This Amendment No. 2 is being filed to reflect a reduction in the beneficial ownership percentages of the Reporting Persons due to the sale by the Reporting Persons of securities of the Issuer since the filing of the Prior Statement, and to amend Item 4, Item 5, and Item 7 of the Prior Statement as follows:
Item 4. | Purpose of Transaction |
Item 4 of the Prior Statement is hereby amended by adding the following thereto:
On November 15, 2024, the Reporting Persons reduced their beneficial ownership of the Issuer through the sale of securities of the Issuer.
Item 5. | Interest in Securities of the Issuer |
(a), (b) The responses of the Reporting Persons with respect to Rows 7 through 13 of the cover pages of the Reporting Persons to this Amendment are incorporated herein by reference.

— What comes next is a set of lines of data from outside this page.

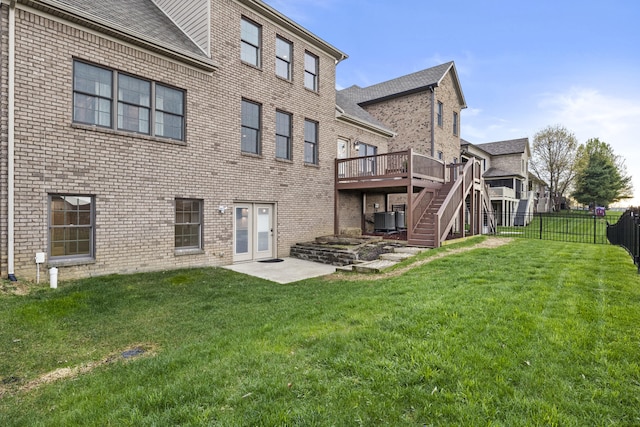 back of house featuring stairway, a fenced backyard, cooling unit, brick siding, and a deck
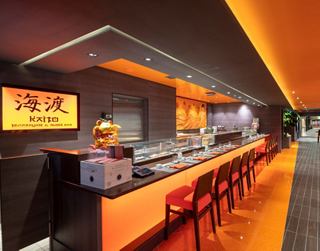 The modern sushi bar offers a unique experience with vibrant colors and stylish decor | MSC Cruises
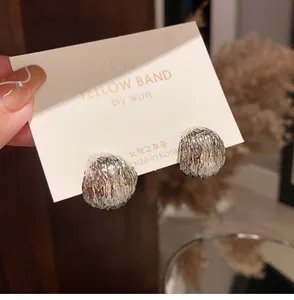 Detailed view of silver hemispherical stud earrings with textured matte brushed finish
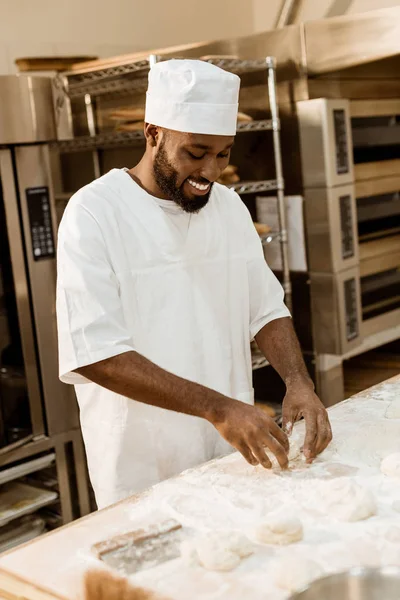 Sorridente panettiere africano americano preparare pasta sulla fabbricazione di cottura — Foto stock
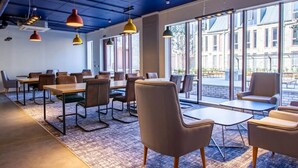 A modern conference room with large windows, a carpeted floor, and multiple tables and chairs. - Alma Court - Campus Accommodation (Canterbury)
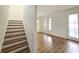 Bright foyer with wood staircase and flooring, fresh white paint and front door entrance with glass panels at 2328 W La Salle St, Tampa, FL 33607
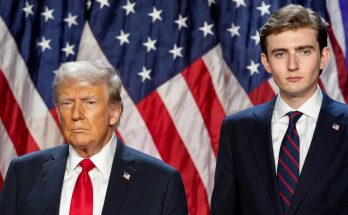 two men in suits with American flag backdrop, serious expressions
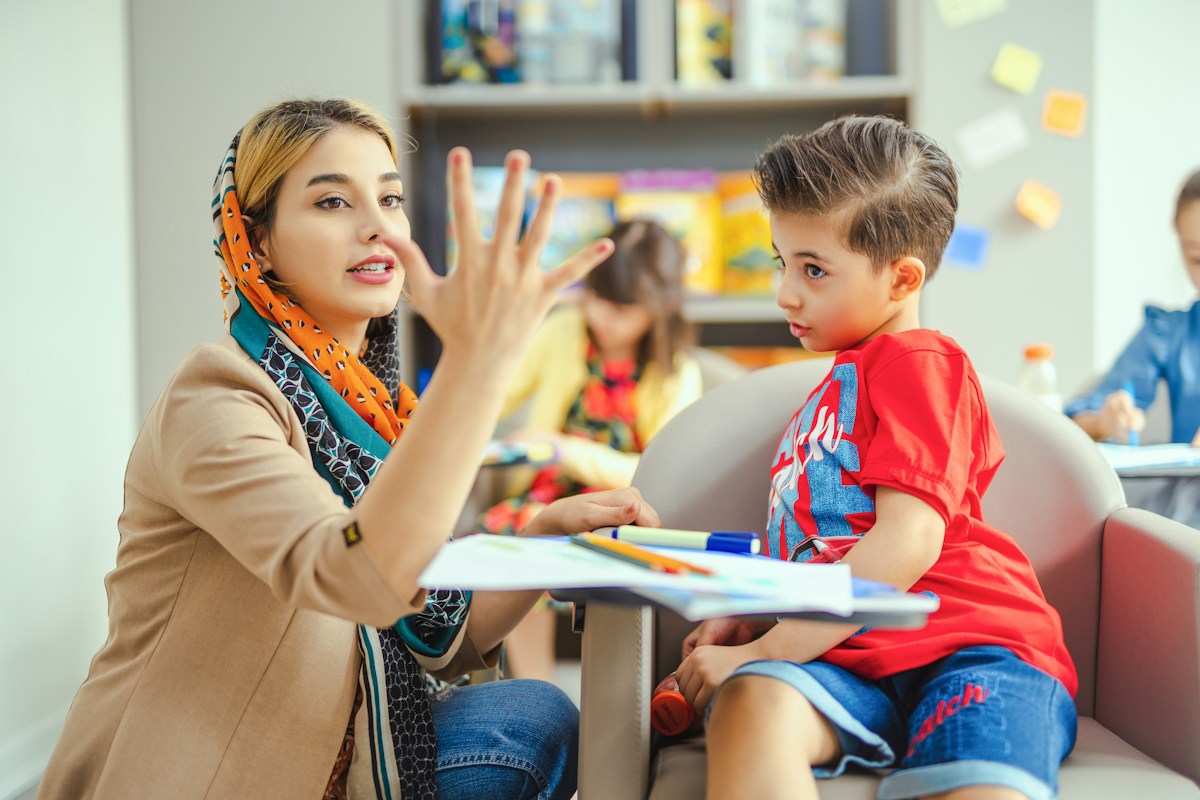 Illustrative stock photograph of an educator supporting a student in a welcoming classroom; not TCFMH staff or clients.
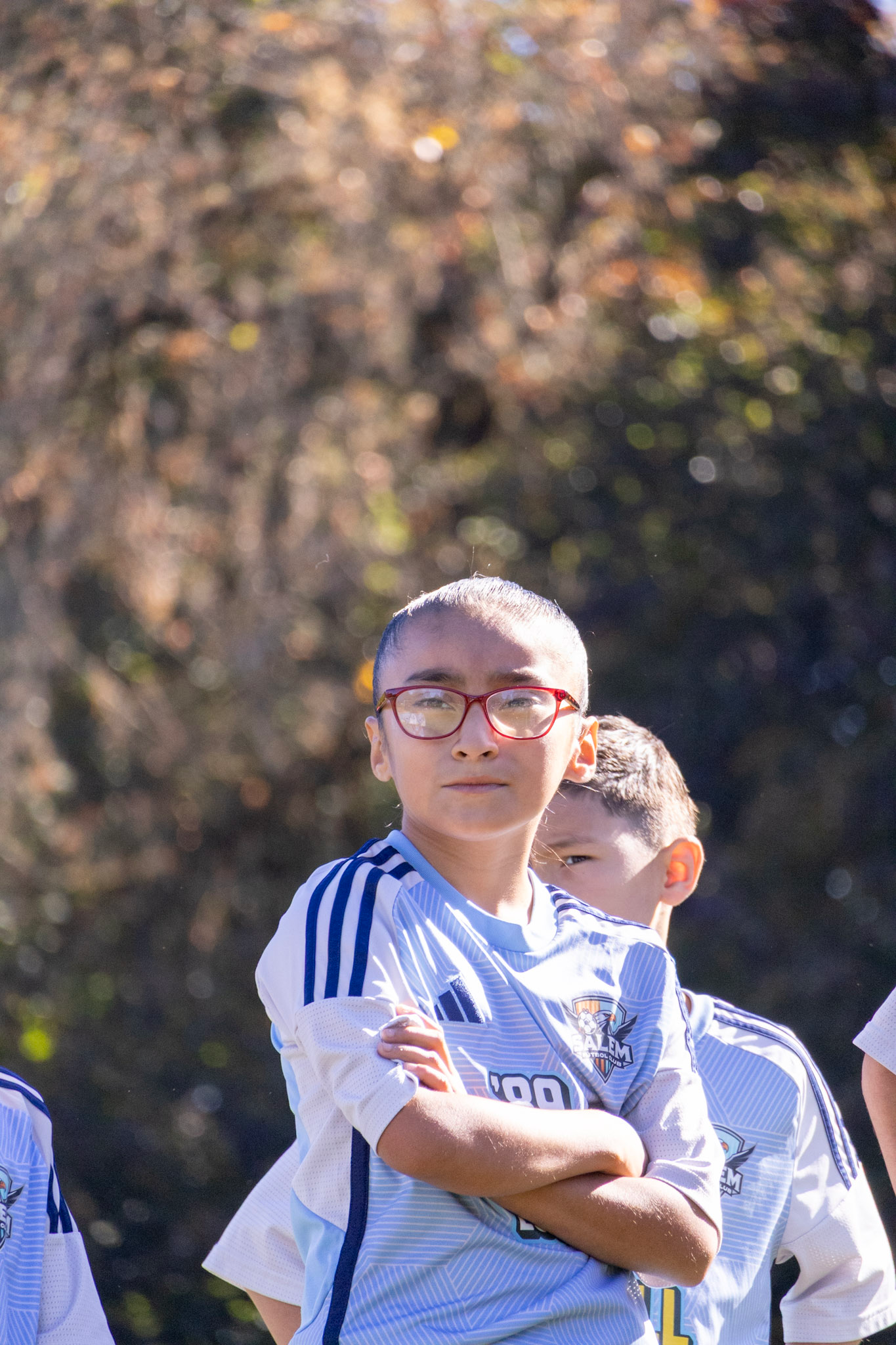 A young boy with glasses and a soccer jersey standing outdoors with his arms crossed.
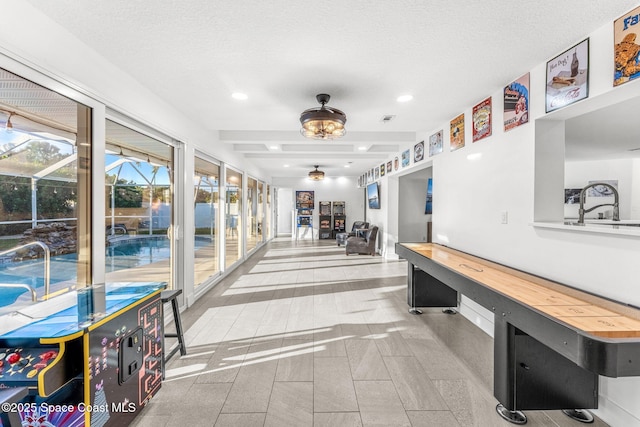 interior space with a textured ceiling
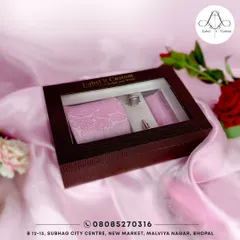 This accessory set features a soft pink paisley tie and pocket square with matching cufflinks. These exquisite details are designed to elevate your style and add a touch of personality to your formal wear.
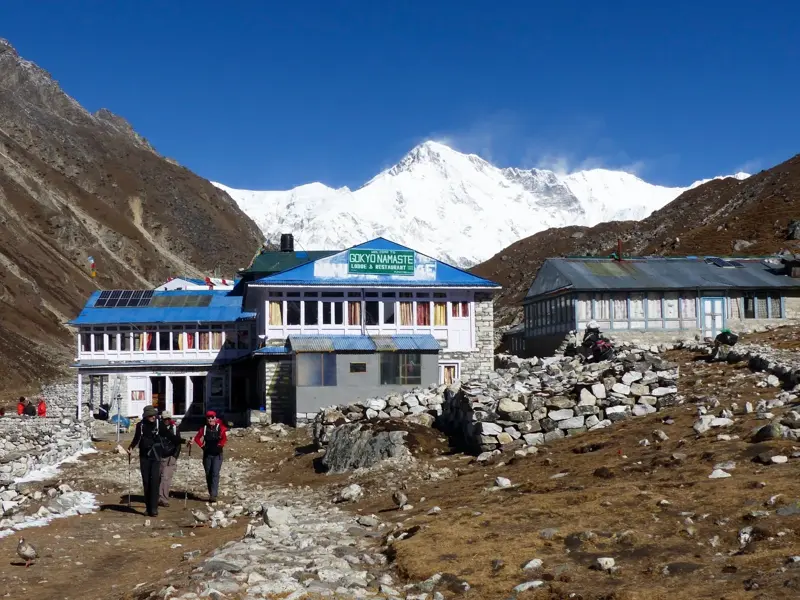 Trekker wandern an der Gokyo Lodge vorbei mit Panoramablick auf den schneebedeckten Achttausender Cho Oyu in Nepal.
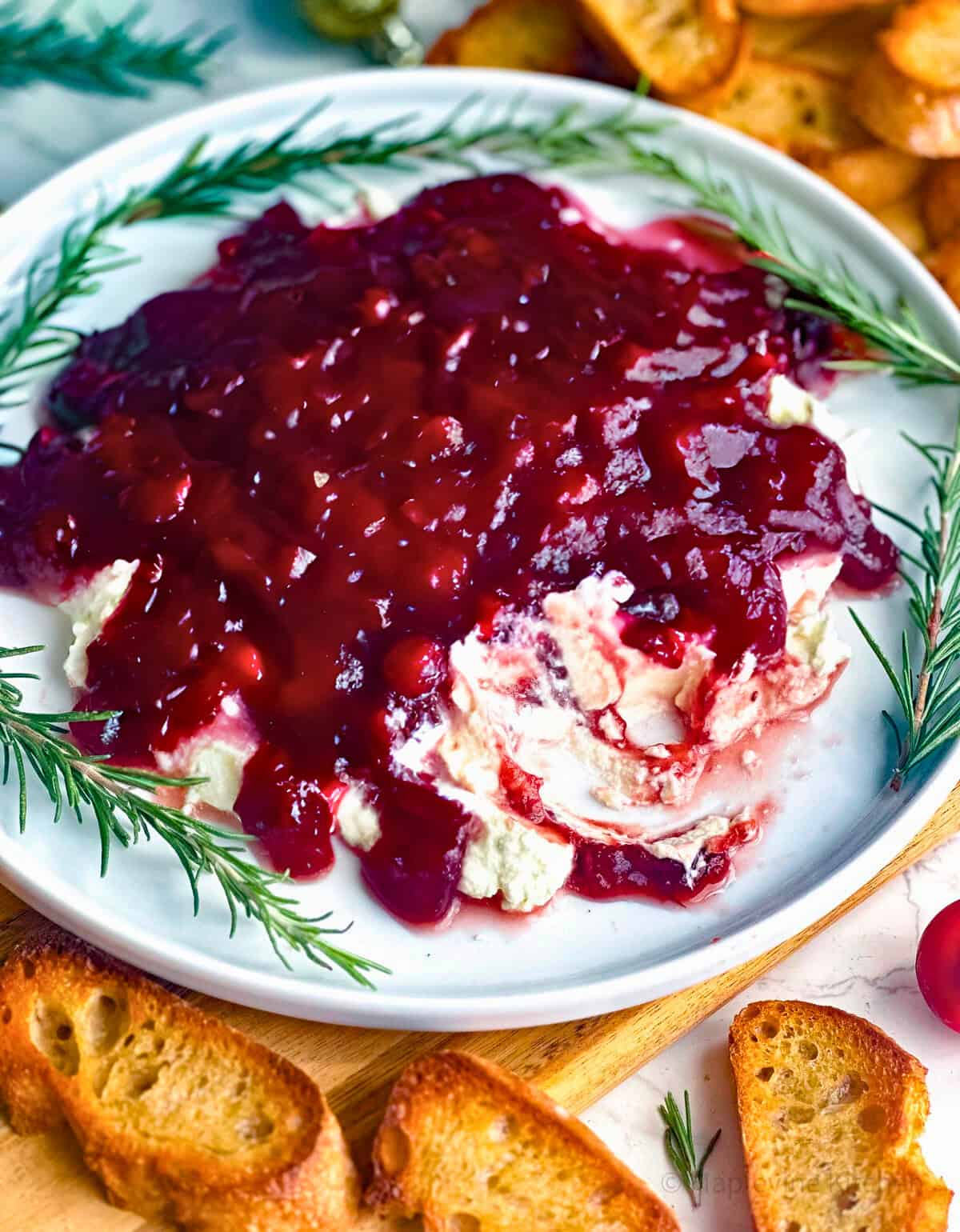 Cranberry whipped feta dip on a white plate with sprigs of rosemary.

The aggregate percentage of beneficial ownership of General Motors Ventures LLC is approximately 3.1% of the outstanding Shares of the Issuer. Calculations of the percentage of the Shares beneficially owned assumes 316,703,306 shares of Class A Common Stock outstanding according to the Form 10-Q filed by the Issuer on November 1, 2024.
The aggregate percentage of beneficial ownership of each of General Motors Holdings LLC and General Motors Company is approximately 6.2% of the outstanding Shares of the Issuer. Calculations of the percentage of the Shares beneficially owned assumes 316,703,306 shares of Class A Common Stock outstanding according to the Form 10-Q filed by the Issuer on November 1, 2024.
The reduction in beneficial ownership percentages from those set forth in the Prior Statement reflects a reduction in the beneficial ownership percentages of the Reporting Persons due to the sale by the Reporting Persons of securities of the Issuer.
To the knowledge of the Reporting Persons, none of the persons listed on Exhibit 1 to the Prior Statement have any beneficial ownership of any Shares.
(c) Except for the transactions described in response to Item 4 of the Schedule 13D or as set forth in Exhibit 7 to this Schedule 13D, which information is hereby incorporated by reference, none of the Reporting Persons, nor, to the knowledge of the Reporting Persons, any of the persons listed on Exhibit 1 to the Prior Statement, have effected any transactions that may be deemed to be a transaction in the Shares during the past 60 days.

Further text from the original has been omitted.